I’m working on a tool for ATD, I want to read the ‘version’ field of a given JSON document and depending on the version use the right read_ parser from ATD. To do this, I have parameters of type Yojson.lexer_state and Lexing.lexbuf as input. If use these lexer_state and lexbuf just to read the version of the JSON file or to parse it, it works, but if I do both, it fails, I guess because they get to an invalid state.
For Yojson.lexer_state I can just create a fresh one with Yojson.init_lexer but what about Lexing.lexbuf? Is there a way to reuse it on the same file/channel? Should I duplicate it? How?
The easiest way is to simply to recreate the lexbuf.

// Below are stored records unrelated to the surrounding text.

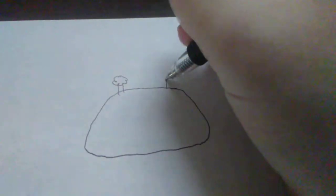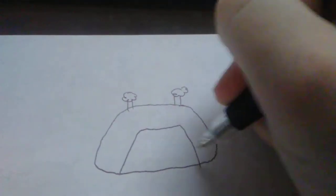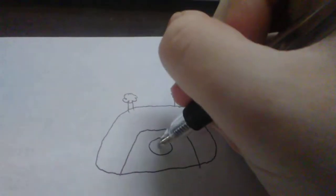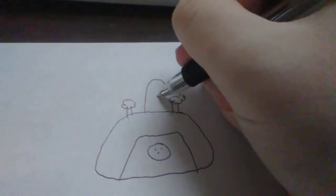So to draw a sink, we draw a trapezoid, that is a line and another line. Draw a rectangle, a little circle, and a handle. There, a sink.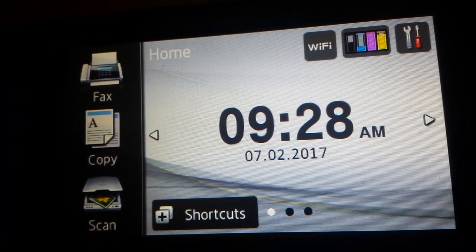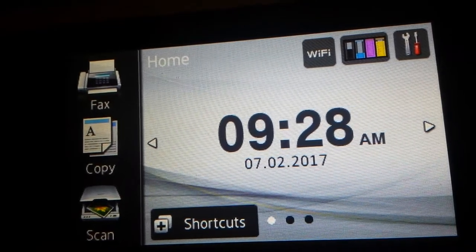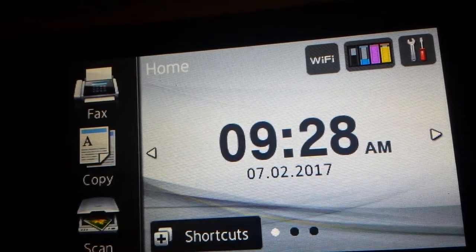Quick video to reset the replace belt message on the Brother MFC-L8850 device.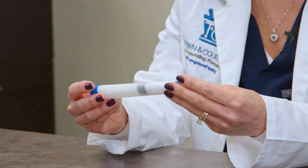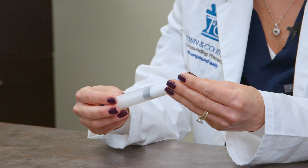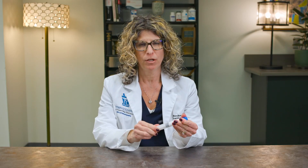This is a device that is usually given to you when you receive a testosterone prescription, preferably for women. It doesn't appear to have a large amount of medication in it, but it certainly does. It is quite potent even though there's a small amount of medication that comes out with each dose.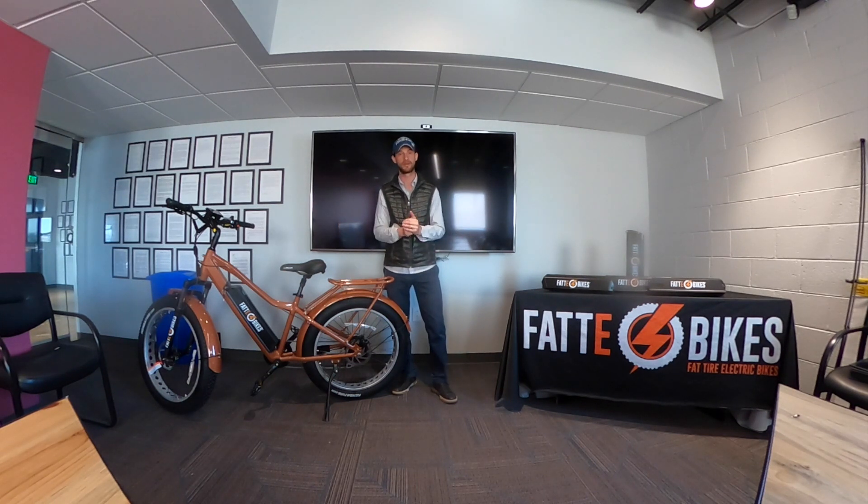We're here for you if you have any questions and would love to tell you more about our bikes, our batteries, and really the Fatty difference — who we are and what makes our products so special. Thank you again. I'm Kenny with Fatty Bikes, and we look forward to bringing more tips and tricks to you soon. Thank you.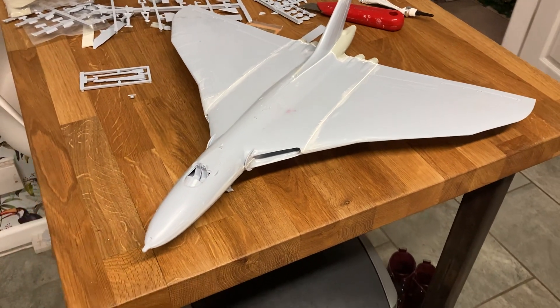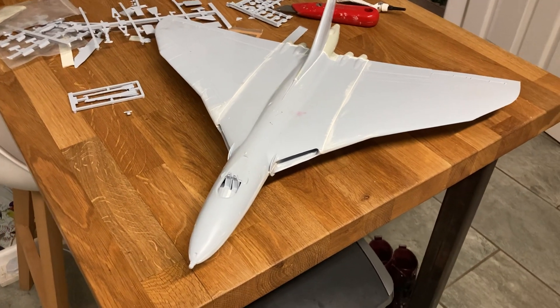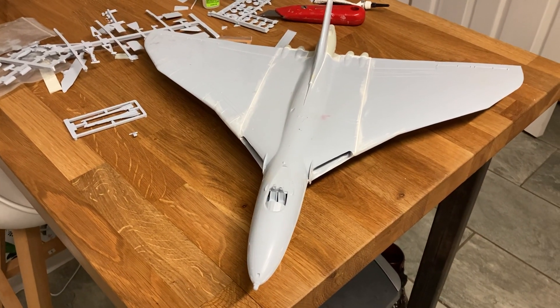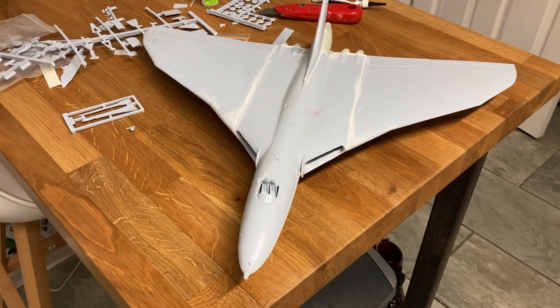This to me represents the British aviation industry at its finest. When you consider that we had the Vulcan, Victor and Valiant, and we had amazing designers and engineers that made this happen — my hat's off to them.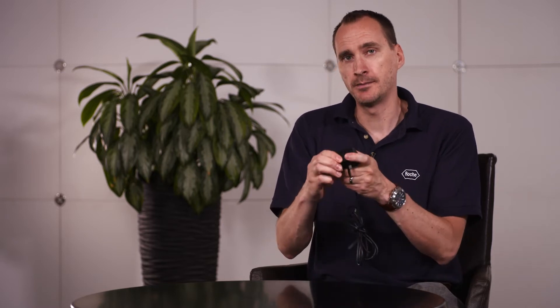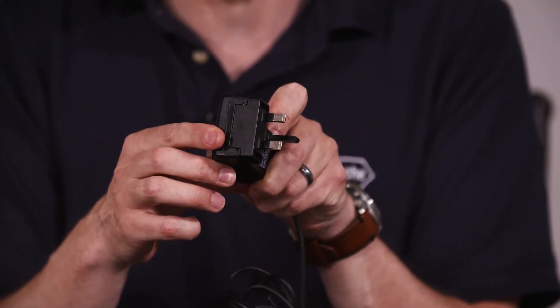When connecting the UK power adapter to the power supply unit, please press firmly making sure it's flush with the end of the power supply unit.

If it is based on a channel, you will need to either open a new channel for the new lexbuf or rewind the existing one.
Yeah, that’s what I thought, but I would like to keep the same signature as ATD read_ functions, so given a Yojson.lexer_state and a Lexing.lexbuf how do I recreate a new lexbuf? If it’s from a file, I guess I can get it from fname in Yojson.lexer_state but otherwise, how can I know from which channel it was open?
How can I rewind an existing lexbuf?
If you’re willing to do a little surgery, I’ll bet you can
(1) force-read enough into the buffer, to ensure that the first round of reading will not incur a file-read: say, a couple of kilobytes grin
(2) deep-copy enough of the lexbuf and state that you can reuse the copy.
That is to say, do the cloning before using either clone.
val read_foo :
Yojson.Safe.lexer_state -> Lexing.lexbuf -> foo
This is rather low-level. Both lexer_state and lexbuf are mutable, and there are no documented guarantees on what’s valid besides starting from a fresh lexer_state and a fresh lexbuf.
Like @nojb suggested, I think I would keep it simple and do a full re-read of the input file or string, and let the library initialize lexer_state and lexbuf. The file should be cached by the OS, so it’s probably not terribly expensive to re-open it. If the input is from stdin, then read it into a string and use that string as input.
Reading a foo from a string is done with foo_of_string data, and reading from a file is done with Atdgen_runtime.Util.Json.from_file read_foo path.
OK, so I’d rather recreate the read functions from Atdgen_runtime.Util.Json with functions that re-read the channel than trying at all cost to recreate a Lexing.lexbug?